A wall of Ohio river gar! Notice the depth is 20+ feet yet only reads 9 because of all the fish. I believe House and myself caught roughly 40 of them.


----------



## MassillonBuckeye (May 3, 2010)

whodeynati said:


> A wall of Ohio river gar! Notice the depth is 20+ feet yet only reads 9 because of all the fish. I believe House and myself caught roughly 40 of them.


wowowow... Dont dangle your toes in the water kids! Im guessing thats also a big school of shad they are lunching on there? Thats neat! 

Heres one for ya All Eyes.. How MANY black crappie do you see in this pic?? This was from a trolling pass on Alum Creek.


----------



## All Eyes (Jul 28, 2004)

Sorry Buckeye, just couldn't refuse.  Always makes me laugh when I see that.
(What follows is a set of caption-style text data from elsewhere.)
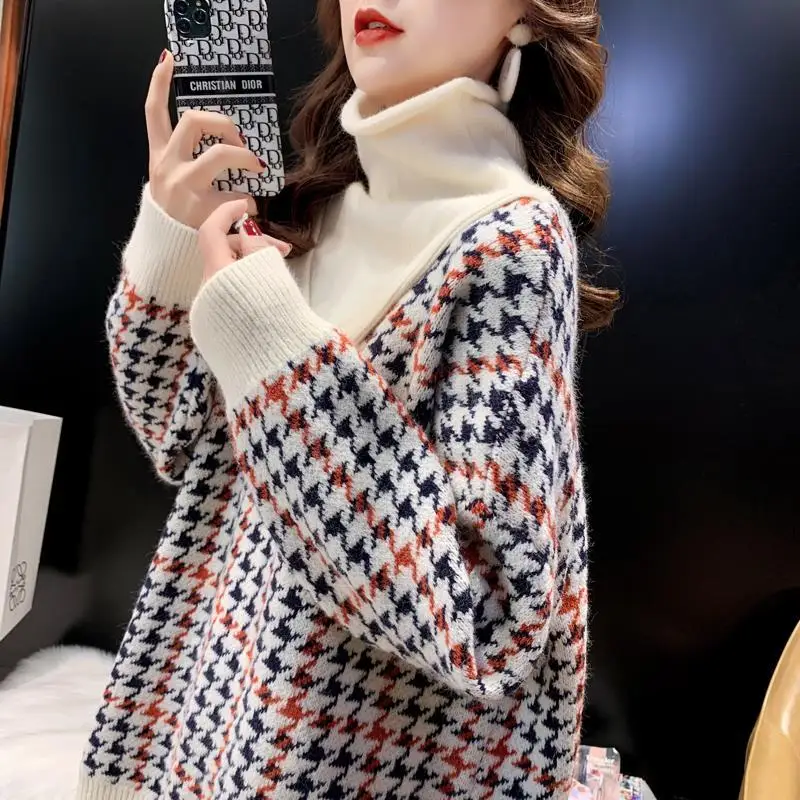 Autumn And Winter Women's Head Shirt Thousand Birds High Collar Sweater New Korean Version Of The Loose Thickening Bottom Fake
Autumn And Winter Women's Head Shirt Thousand Birds High Collar Sweater New Korean Version Of The Loose Thickening Bottom Fake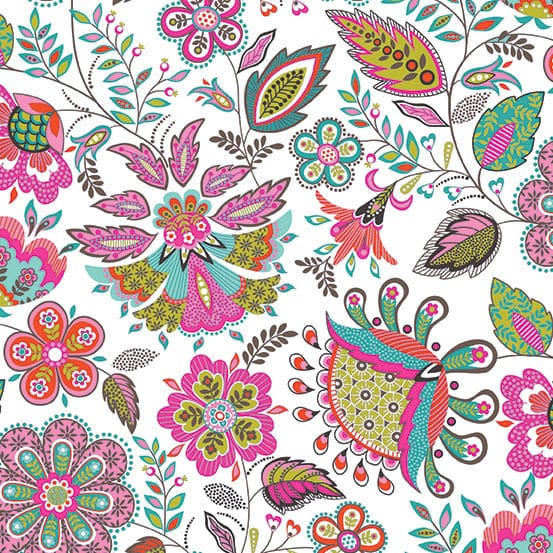 Tissu Patchwork Monsoon _ White Sarasa, Coupon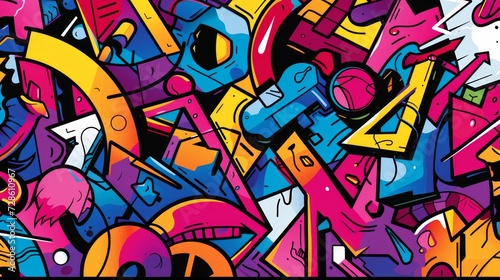 Chaotic Trendy Metaverse Cyber Colorful Abstract Urban Street Art Graffiti Style Vector Illustration Template Background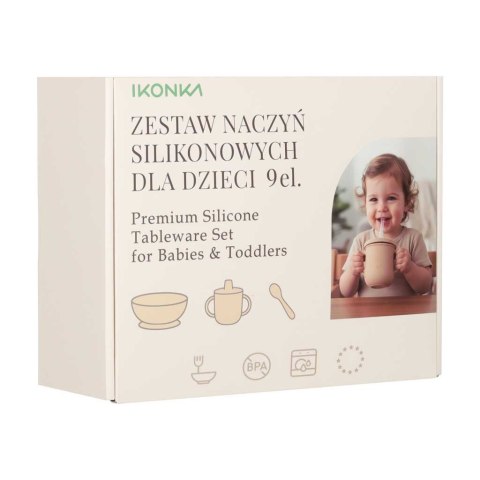 Naczynia silikonowe dla dzieci niemowląt krab zestaw 9 elementów fioletowy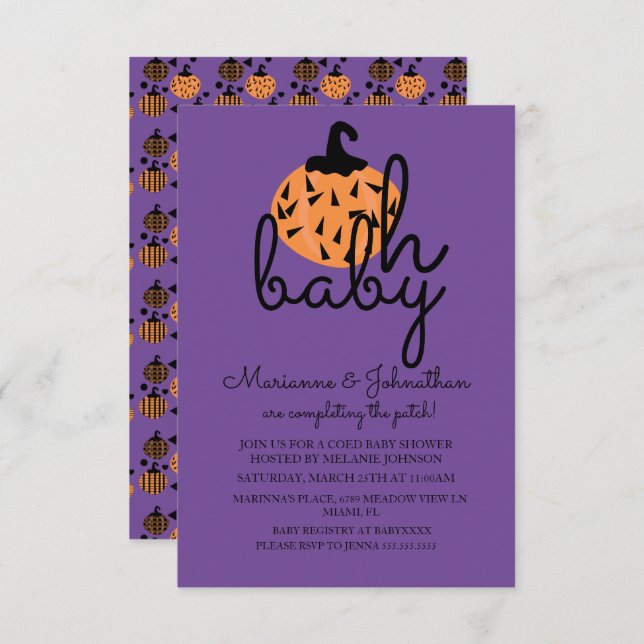 Convite Pumpkin Patch Oh Baby Pumpkins Chá de fraldas (Frente/Verso)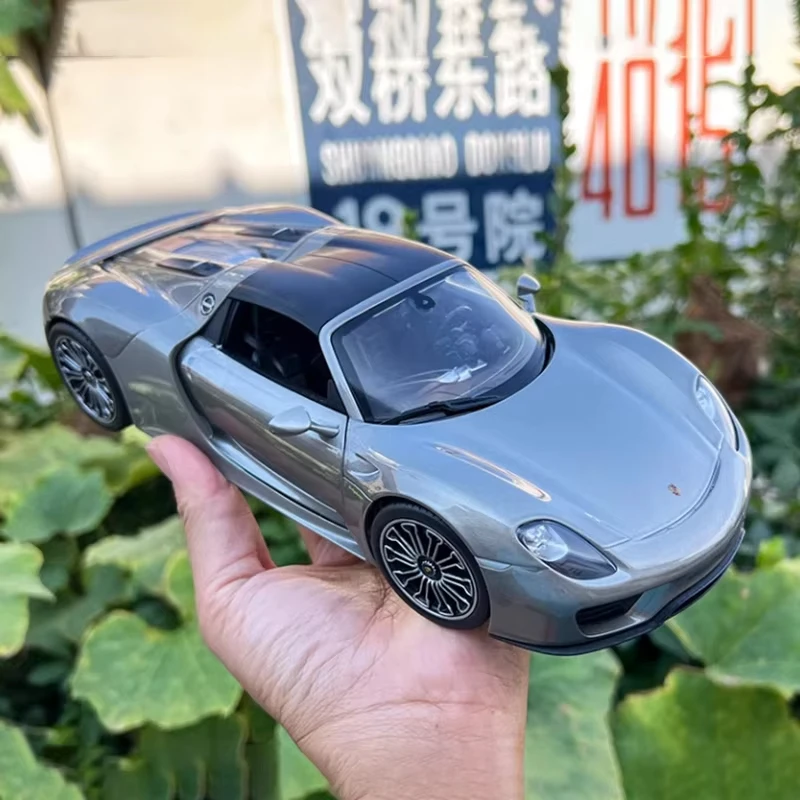 WELLY 1/18 مقياس بورش 918 سبايدر مع أعلى سبيكة سيارة رياضية نموذج جمع تذكارية عرض ثابت الحلي لعبة هدية #5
That's a cool image. My best guess would be roughly a whole mess of them. 
Also a cool scan of the gar. I've seen them schooled up on the Muskingum before and it looked like you could almost walk on them in places up in the spillway in Devola. They are crazy fast and acrobatic swimmers when they want to be. 0-60 in a blink.


----------



## spectrum (Feb 12, 2013)

Sorry guys had to post a lake erie one, catabwa in the spring- first time I went last year. I'm pretty sure I had slobber all over myself.


----------



## MassillonBuckeye (May 3, 2010)

There ya go! Whats that?! Upper right = 2D, lower left=side scan, lower right= Down scan.


----------



## MassillonBuckeye (May 3, 2010)

Biiiig fish! I did have the sensitivity cranked which added to the effect. But still!


----------



## MassillonBuckeye (May 3, 2010)

This one is just out from the New Galena ramp on Alum Creek.


----------



## Tightlines (Jun 29, 2012)

Here are a couple SI pics out of Vermillion. The one pic you can see a school of bait fish with walleye and white bass around it. On the right side is a school of walleye.


----------



## kfi (Nov 11, 2013)

MassillonBuckeye said:


> There ya go! Whats that?! Upper right = 2D, lower left=side scan, lower right= Down scan.


Cool thread. I'm going to guess that is an old truss bridge that you are not directly over top of. Any prizes for correct answer?

Got a new hbird unit this season and been working on figuring it out. Will post some pics (some of which still haven't figured out).


----------